Supplied records:

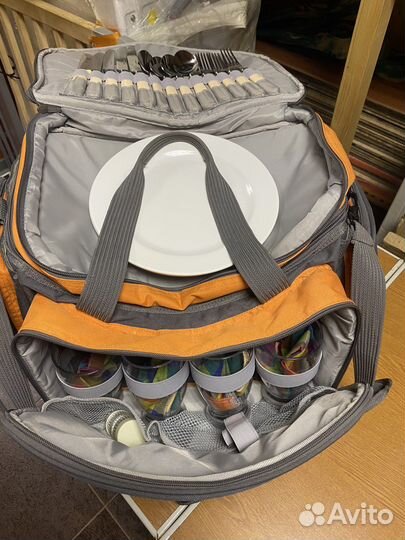 Сумка холодильник с набором для пикника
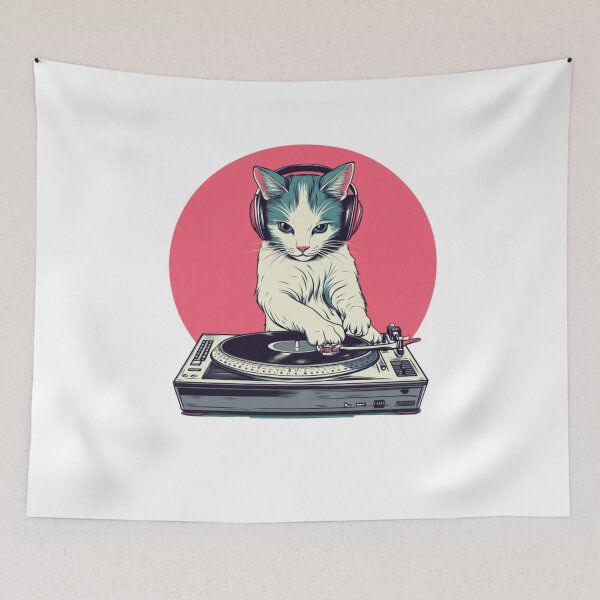 Item preview, Cat DJ Using Turntable designed and sold by AtlanticAvenue.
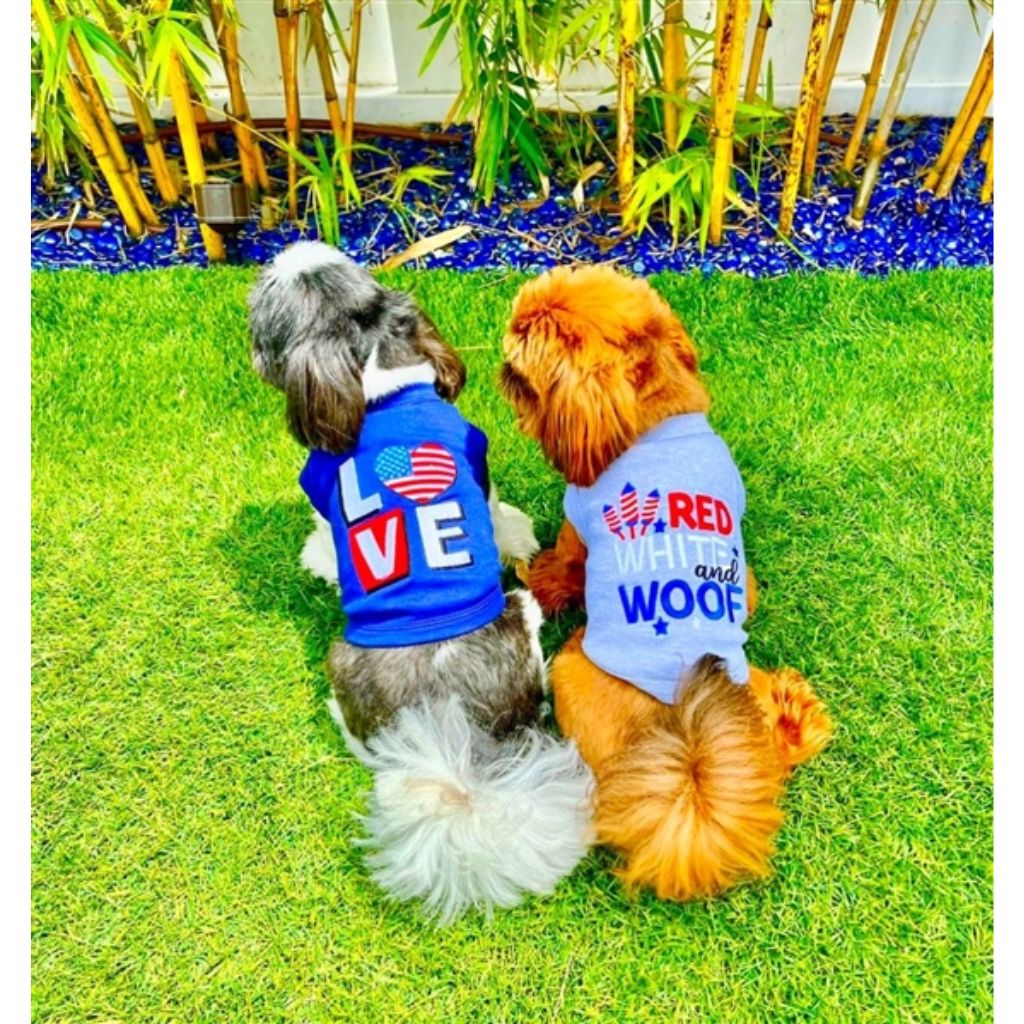 Red, White and Woof Dog Tank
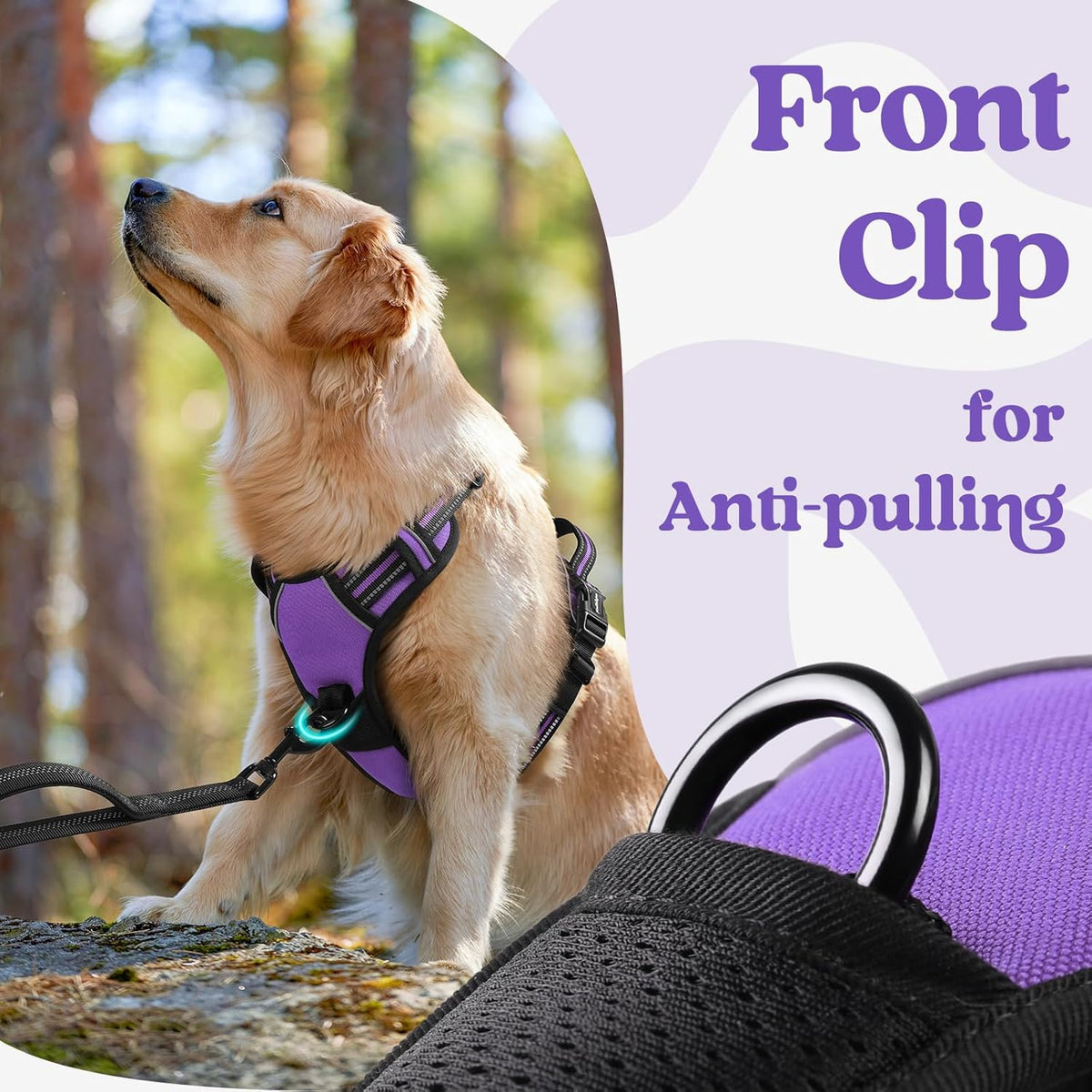 rabbitgoo Dog Harness for Large, No Pull Pet Harness with 3 Buckles, Adjustable Soft Padded Vest
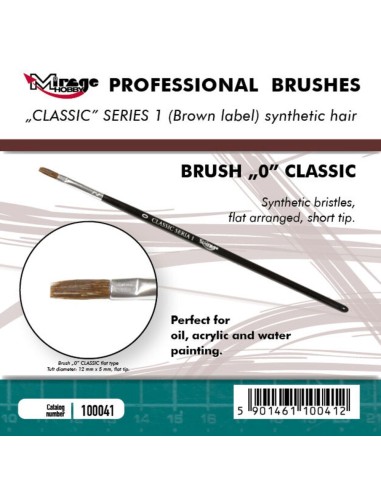 MIRAGE BRUSH FLAT HIGH QUALITY CLASSIC SERIES 1 size 0 
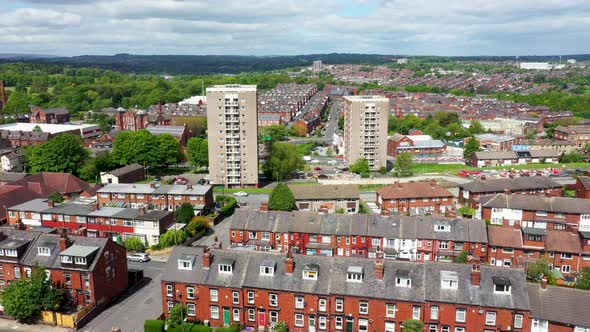 Aerial drone footage of the British town centre of Armley in Leeds West Yorkshire in the UK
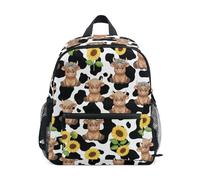 JUNZAN Toddler Backpack Highland Cow Printed Sunflowers Backpacks for Boys Girls Preschool Backpack Small Kids Bookbag Aged 3-8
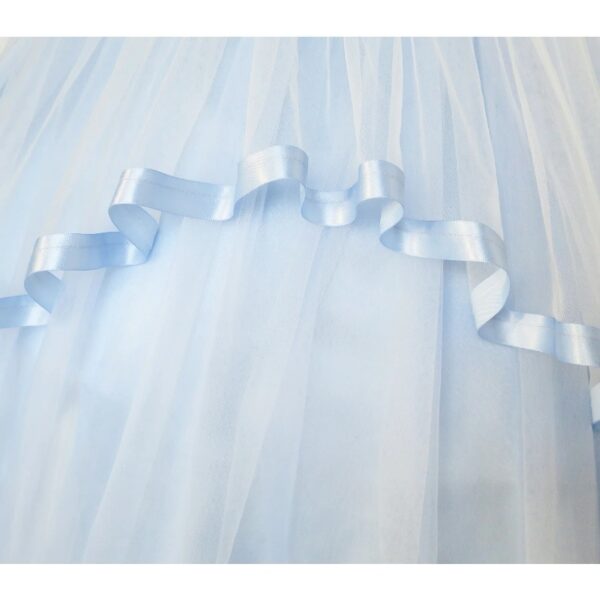 Flower Girls Dress Blue Belted Wedding Party Bridesmaid 12
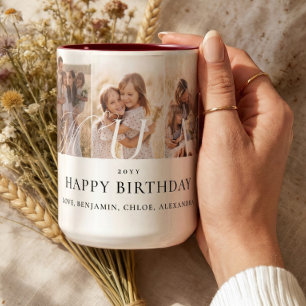 Mum Photo Collage Happy Birthday Keepsake Gift Two-Tone Coffee Mug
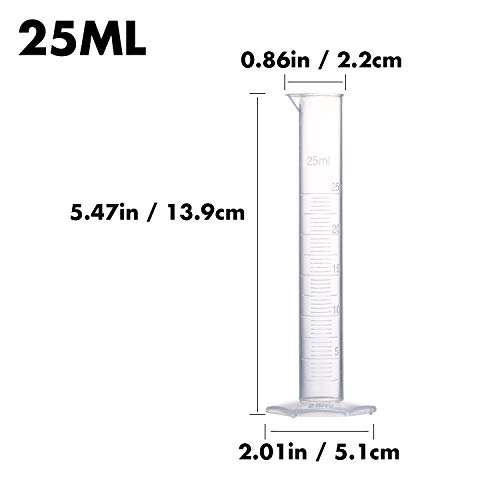 Young4us Measuring Cylinder Set, 4 Sizes Graduated Polypropylene Lab Test Tubes in 100 ml, 50 ml, 25 ml, 10 ml for Laboratory, Science Experiments with 4 Plastic Droppers in 3 ml - Thumbnail 3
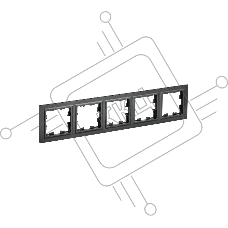 Рамка 5-мест. IEK BRITE РУ-5-БрЧ черный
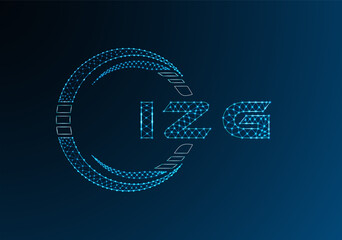 IZG low poly letter logo vector design. IZG lower poly logo design. Low poly logo.
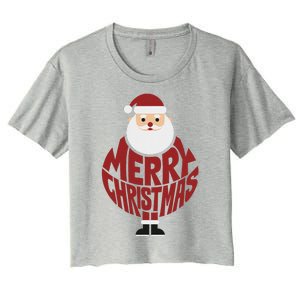 Winter Xmas Snowman Santa Claus Reindeer Merry Christmas Women's Crop Top Tee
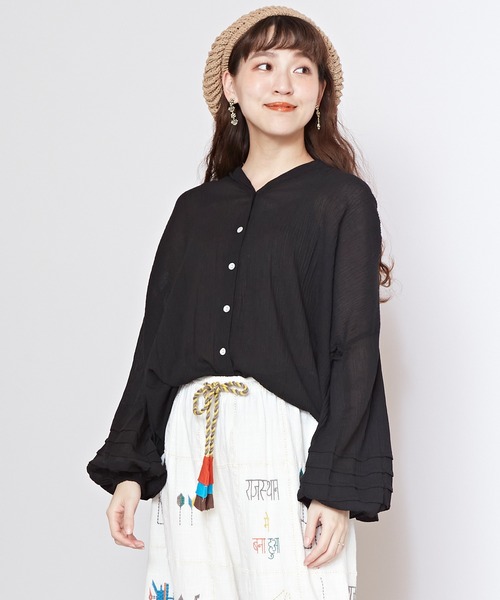 チャイハネ(チャイハネ)の「【チャイハネ】オルノブトップス&カーディガン2WAY(カーディガン/ボレロ・レディース・ブラック/ピンク/パープル/ホワイト・FREE)」の3枚目の写真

Problem requirements: The answer must be an exact copy of the lines from the one containing "Mum Photo Collage" through the last line of the records, and nothing else. Pictures do not belong in it.

Response:
 Mum Photo Collage Happy Birthday Keepsake Gift Two-Tone Coffee Mug
 Young4us Measuring Cylinder Set, 4 Sizes Graduated Polypropylene Lab Test Tubes in 100 ml, 50 ml, 25 ml, 10 ml for Laboratory, Science Experiments with 4 Plastic Droppers in 3 ml - Thumbnail 3
 Рамка 5-мест. IEK BRITE РУ-5-БрЧ черный
 IZG low poly letter logo vector design. IZG lower poly logo design. Low poly logo.
 Winter Xmas Snowman Santa Claus Reindeer Merry Christmas Women's Crop Top Tee
 チャイハネ(チャイハネ)の「【チャイハネ】オルノブトップス&カーディガン2WAY(カーディガン/ボレロ・レディース・ブラック/ピンク/パープル/ホワイト・FREE)」の3枚目の写真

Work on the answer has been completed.